Chi si porta addosso il fardello di un nome scomodo, sa bene di cosa parlo.
Ovviamente come tutte le convenzioni umane, un nome non è in assoluto un bagaglio difficile né in tutti i tempi né in tutti i luoghi perché risente della mentalità, delle mode, ma anche della storia e del luogo in cui vive il soggetto che lo porta e con esso si immedesima.
Non tutti i nomi trovano posto sul calendario tra quelli dei santi o apostoli o quant’altri resero il proprio benemerito o sono contemplati nel libro dei nomi, quelli che forniscono ai genitori un elenco generoso dal quale attingere; se poi nella terra in cui si nasce un nome ha subito per via della tradizione un ritmo di crescita eccessivo, il rischio di portarsi addosso una storpiatura dello stesso è notevole. Ma procediamo con ordine.

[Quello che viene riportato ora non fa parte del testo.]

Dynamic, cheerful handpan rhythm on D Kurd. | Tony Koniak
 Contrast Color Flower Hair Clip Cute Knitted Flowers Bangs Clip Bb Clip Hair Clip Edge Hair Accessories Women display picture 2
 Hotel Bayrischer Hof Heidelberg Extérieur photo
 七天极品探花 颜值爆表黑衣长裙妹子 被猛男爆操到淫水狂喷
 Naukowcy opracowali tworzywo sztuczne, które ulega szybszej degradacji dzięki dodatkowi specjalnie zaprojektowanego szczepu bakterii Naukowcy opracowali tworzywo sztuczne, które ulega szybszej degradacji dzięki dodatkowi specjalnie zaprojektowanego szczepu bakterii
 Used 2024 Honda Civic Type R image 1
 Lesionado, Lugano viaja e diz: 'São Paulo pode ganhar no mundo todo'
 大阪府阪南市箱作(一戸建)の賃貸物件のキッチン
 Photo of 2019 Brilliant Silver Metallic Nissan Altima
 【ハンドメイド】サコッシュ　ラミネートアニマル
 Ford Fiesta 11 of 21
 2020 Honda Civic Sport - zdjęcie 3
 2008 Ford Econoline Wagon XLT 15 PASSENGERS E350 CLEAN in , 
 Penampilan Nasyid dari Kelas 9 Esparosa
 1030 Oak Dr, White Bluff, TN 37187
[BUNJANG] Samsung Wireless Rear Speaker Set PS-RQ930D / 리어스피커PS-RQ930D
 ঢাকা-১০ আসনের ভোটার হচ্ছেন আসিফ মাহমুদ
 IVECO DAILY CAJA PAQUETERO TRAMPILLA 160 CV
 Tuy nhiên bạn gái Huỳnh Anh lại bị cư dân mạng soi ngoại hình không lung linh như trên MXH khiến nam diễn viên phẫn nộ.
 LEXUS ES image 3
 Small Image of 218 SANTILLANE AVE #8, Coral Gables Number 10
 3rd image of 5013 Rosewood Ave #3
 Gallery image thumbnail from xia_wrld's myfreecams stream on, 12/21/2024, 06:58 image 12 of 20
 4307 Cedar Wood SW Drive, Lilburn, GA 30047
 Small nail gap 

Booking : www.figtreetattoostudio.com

Tempo fa la Sicilia era inflazionata dal nome Salvatore e da tutte le sue possibili varianti che solo la creatività popolare poteva suggerire servendosi di diminuitivi e vezzeggiativi. Gli esempi letterari non erano e non sono a tutt’oggi mancati, dai Turiddu ai Salvo di più recente confezione.
Era inoltre inveterata la tradizione di dare al primo figlio il nome del nonno o della nonna paterna, se femmina; presumo che il meccanismo avesse raggiunto quindi livelli parossistici al punto da suggerire, ai genitori di nuova generazione, escamotage per sfuggirvi.
Le madri e i padri che speravano di potersi sottrarre alla tradizione incontravano fiere resistenze tra orgogli feriti e insoddisfazioni cocenti da parte di chi si vedeva sottratto un inveterato diritto, erano quindi costretti a cercare almeno una variabile a quel nome inflazionato che in qualche modo mettesse tutti d’accordo.
I risultati della ricerca si rivelavano il più delle volte assai infelici. Le vittime delle storpiature o dei tentativi se rimanevano nella propria terra d’origine non ne soffrivano perché sperimentavano come normale la nuova prassi, ma chi l’abbandonava per il continente, bè, correva quanto meno il rischio di doverlo ripetere più e più volte durante le presentazioni o di rispondere con un certo imbarazzo alla banale domanda – Come ti chiami?-
Ho incontrato molti meridionali nel continente, non tutti emigranti, ma spesso spiriti eclettici ed inquieti alla ricerca di novità, di affermazione, di fuga dalla prigionia dei confini locali; tutti però con qualcosa in comune: un nome scomodo, un nome da modificare, un nome da rendere adeguato alla nuova geografia, per sentirsi parte di quella nuova territorialità che, come per la storia di ogni popolo, conserva usi, costumi e tradizioni anche nei nomi da attribuire alla propria progenie.
Gli antichi Romani ritenevano che il nomen si facesse omen, portatore cioè di un presagio inviato dagli dei e che quindi nel nome di ciascuno vi fosse un che di magico, un segno premonitore, un destino. Dobbiamo allora un po’ più di rispetto al nome che ci viene assegnato per quel segno che si porta dentro e che, come nella migliore tradizione mitologica, è inconoscibile e immutabile?